Por seu lado, Jorge Portugal defende que a indústria 4.0 vai permitir às empresas nacionais serem ainda mais flexíveis e estarem mais alinhadas com as necessidades dos clientes. "O modelo de competitividade industrial português assenta nas pequenas séries, em estar alinhado com as especificidades do cliente e poder responder rapidamente. Esta revolução vem otimizar esta capacidade, mas, acima de tudo, dar novas oportunidades para inovar mais depressa, com menos risco." As plataformas de dados vêm ajudar agora a ganhar velocidade, sobretudo na entrega dos produtos na casa dos clientes, "não em autoestradas mas em estradas de montanha", refere este responsável.
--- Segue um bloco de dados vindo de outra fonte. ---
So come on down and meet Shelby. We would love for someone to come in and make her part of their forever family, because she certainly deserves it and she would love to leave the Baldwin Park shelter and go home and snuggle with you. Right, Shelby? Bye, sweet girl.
Tecnologias trazem eficiência

Paulo Gaspar explicou, a propósito do tema, como a Lusiaves, empresa de comércio agroalimentar, e produtora de aves para alimentação se tem preparado para a revolução industrial: a empresa tem implementado novas tecnologias em várias etapas da produção. "Na área da produção de rações, por exemplo, já é tudo automatizado, tal como no abate. Tem sido sempre uma estratégia nossa apostar na automatização e isso agora é cada vez mais prioritário." O responsável do grupo de Leiria acredita que a aposta na eficiência vai ajudar a reduzir os custos. "A digitalização permite estandardizar todos os processos, e isto é muito importante num grupo com mais de 30 empresas", explica.
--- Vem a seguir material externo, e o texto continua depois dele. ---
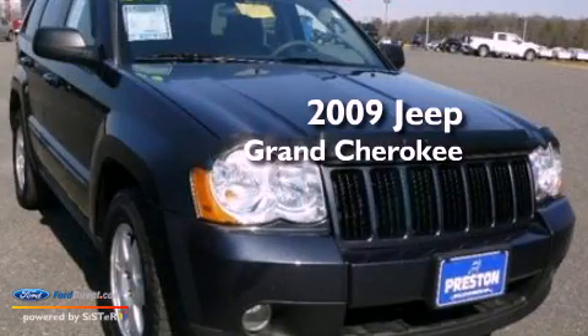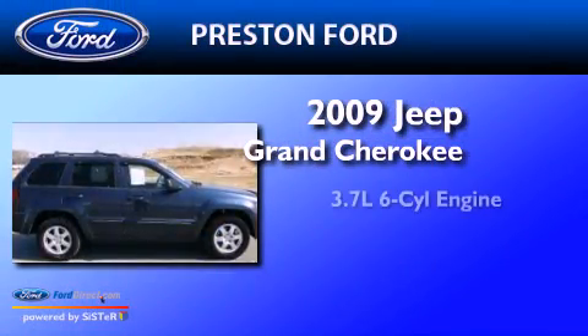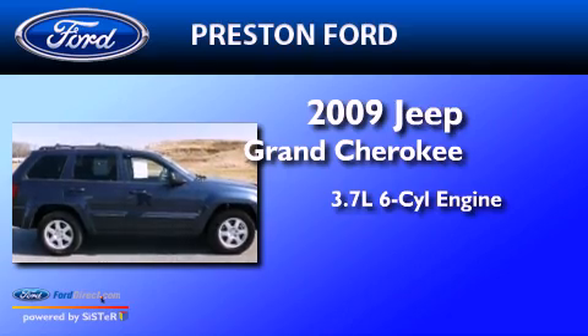This is a 2009 Jeep Grand Cherokee. It features a 3.7-liter six-cylinder engine, an automatic transmission, and four-wheel drive.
Jorge Portugal refere ainda que a nova revolução industrial chega transversalmente a todos os setores, mesmo aos chamados tradicionais. Já se assiste a pequenas revoluções setoriais, como no das pedras ornamentais, em que há já uma integração e colaboração entre os vários intervenientes: por exemplo, entre a empresa que explora, o arquiteto e o aplicador que já definem em três dimensões o que desejam para o trabalho final.